Exercise requirements: The copy you return should hold every record below word for word and no images.
╭─ Material provided
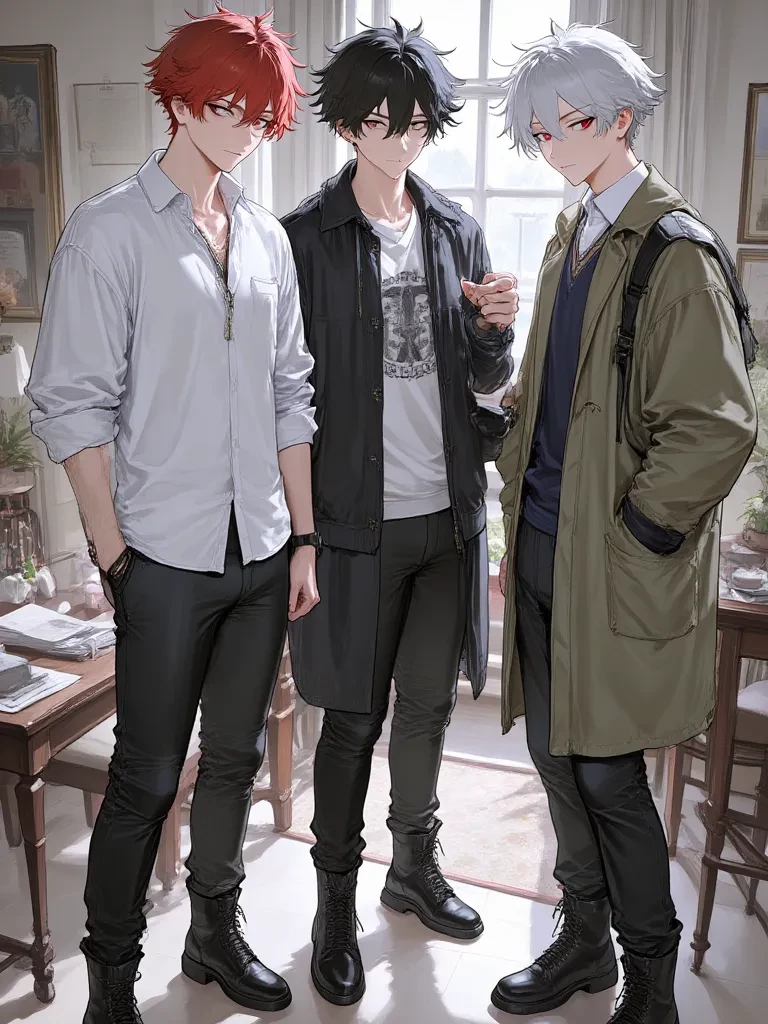 The Pervert Roommates thumbnail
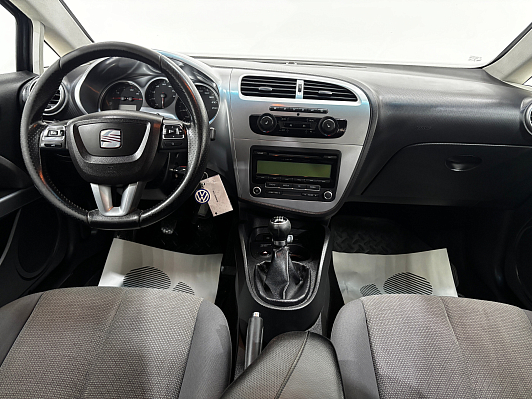 SEAT Leon Reference Copa, 2011 года, пробег 228896 км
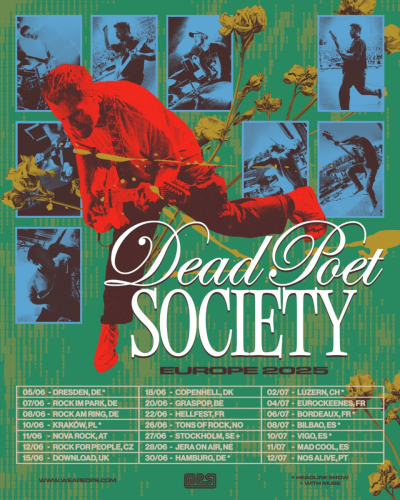 Dead Poet Society - June 25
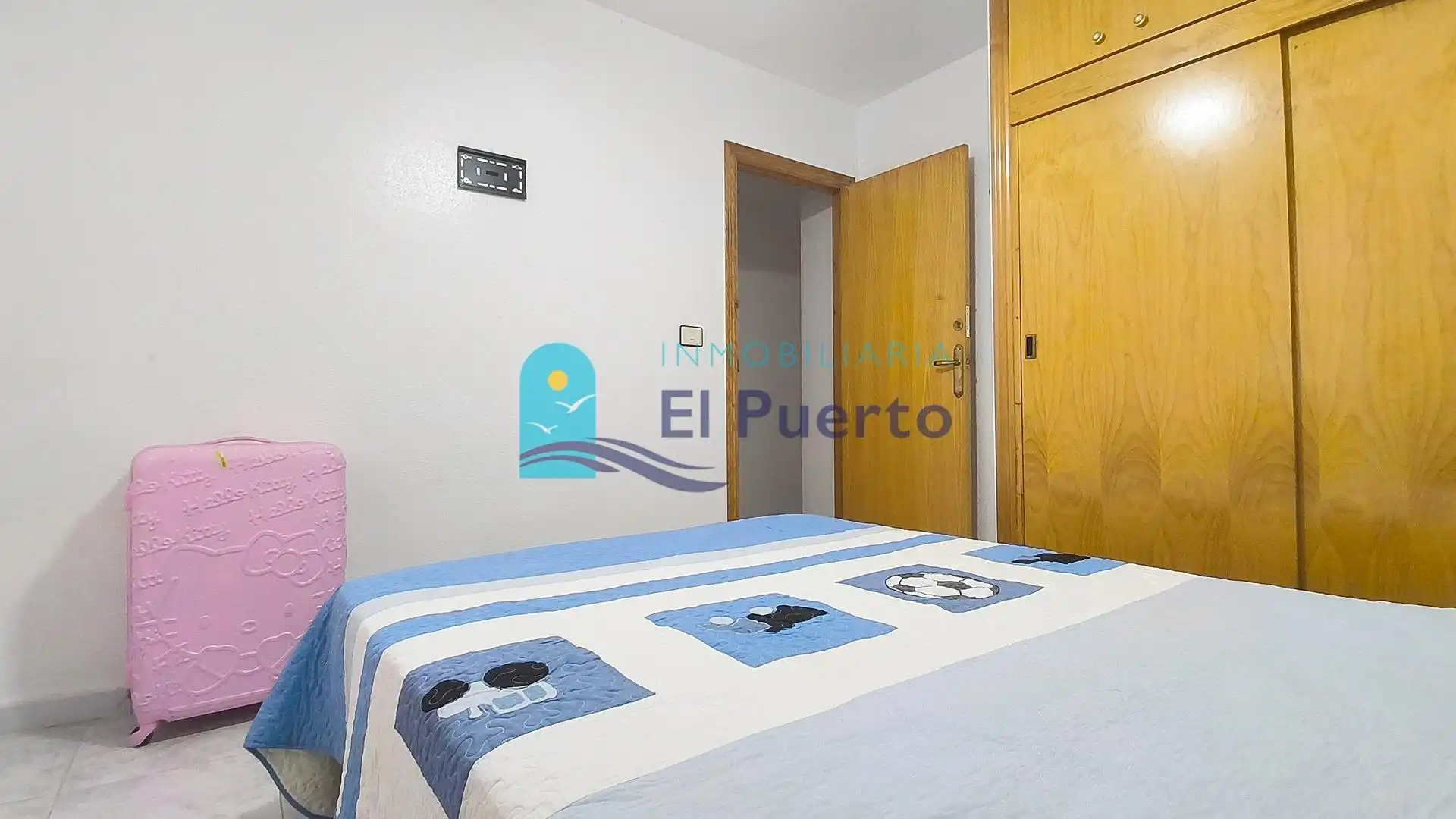Piso con terraza en venta en Puerto de Mazarrón, imagen 8
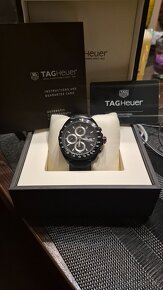 TAG HEUER FORMULA 1 CALIBRE 16 - 2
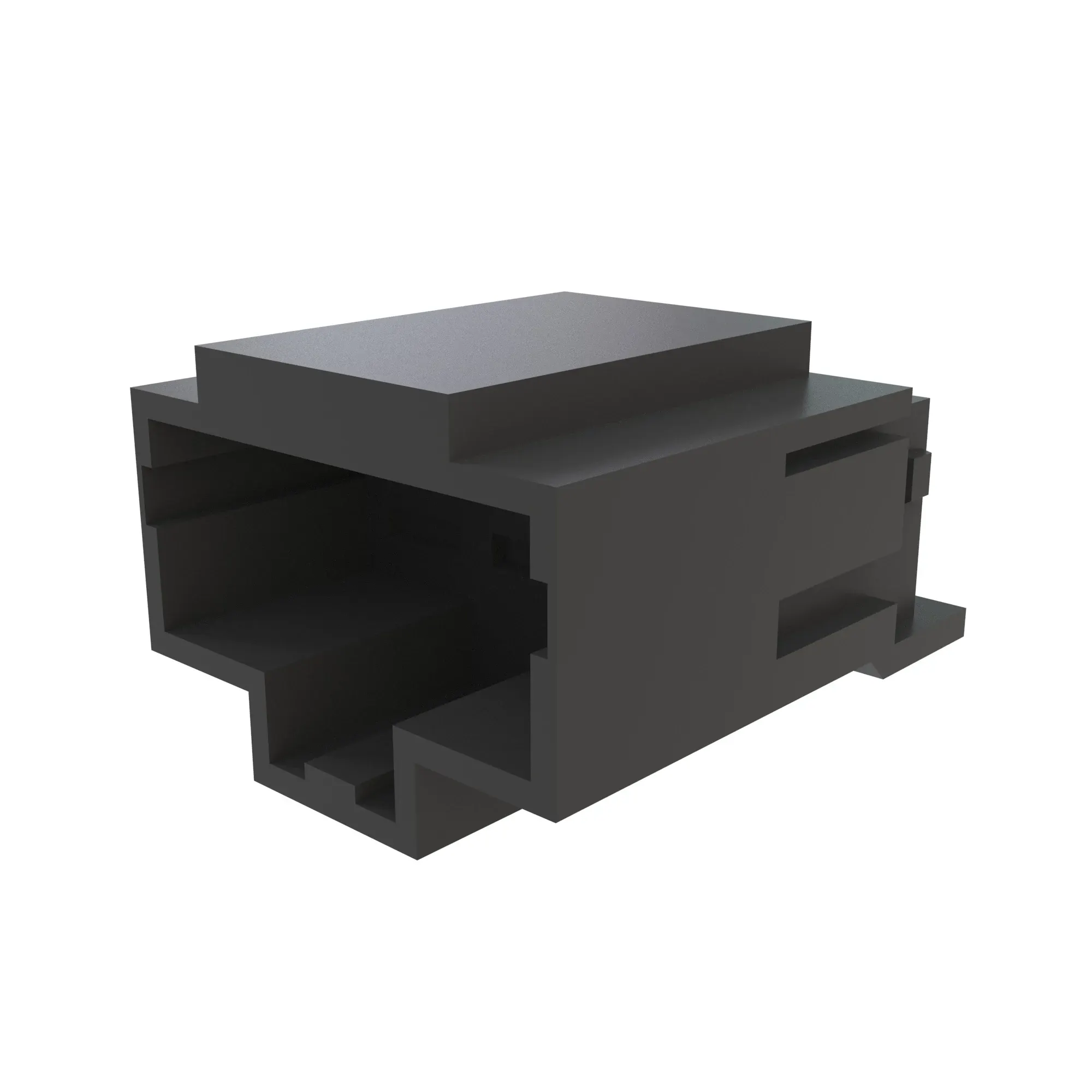 Elec. Connector Housing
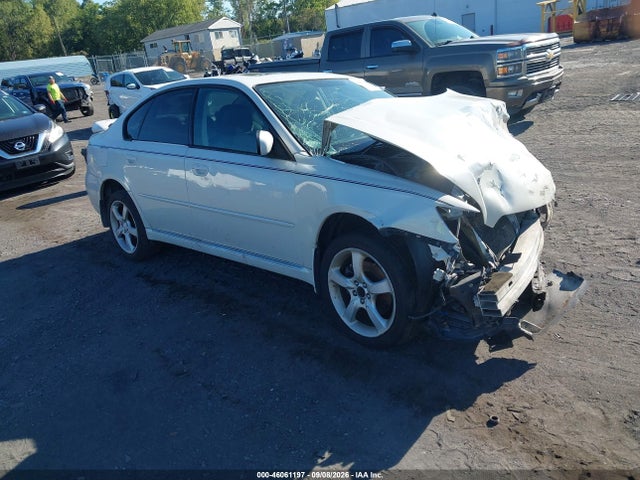 2009 Subaru Legacy 2.5i მანქანა იყიდება აუქციონზე, vin: 4S3BL616397225894, აუქციონის ნომერი: 46061197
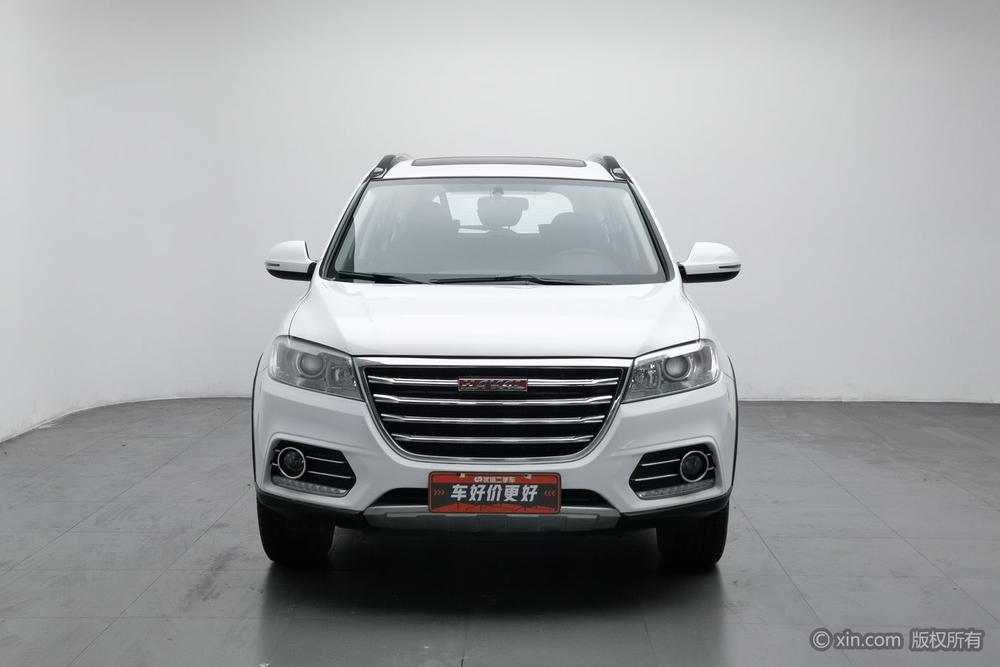 Haval H6 2018 Red Label Sport 1.5T Automatic 2WD Elite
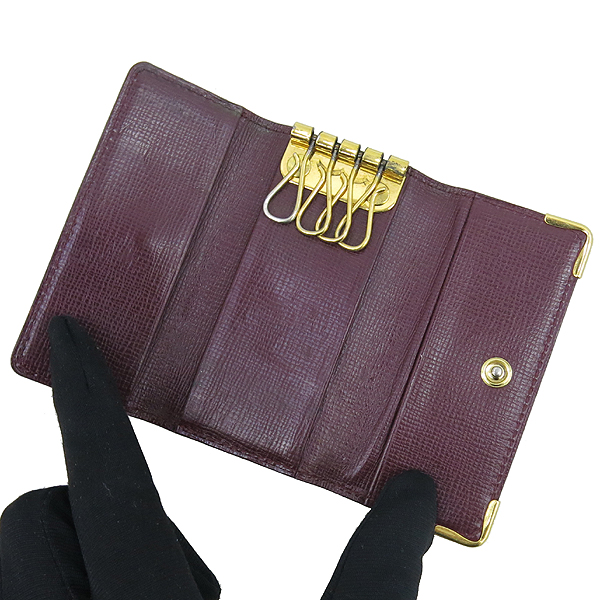 Cartier(��쿡) ��� ���� 4Ȧ�� Ű���̽� �̹���2 - ���̺��� �߰���ǰ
╰─
Your solution:
 The Pervert Roommates thumbnail
 SEAT Leon Reference Copa, 2011 года, пробег 228896 км
 Dead Poet Society - June 25
Piso con terraza en venta en Puerto de Mazarrón, imagen 8
 TAG HEUER FORMULA 1 CALIBRE 16 - 2
 Elec. Connector Housing
 2009 Subaru Legacy 2.5i მანქანა იყიდება აუქციონზე, vin: 4S3BL616397225894, აუქციონის ნომერი: 46061197
 Haval H6 2018 Red Label Sport 1.5T Automatic 2WD Elite
 Cartier(��쿡) ��� ���� 4Ȧ�� Ű���̽� �̹���2 - ���̺��� �߰���ǰ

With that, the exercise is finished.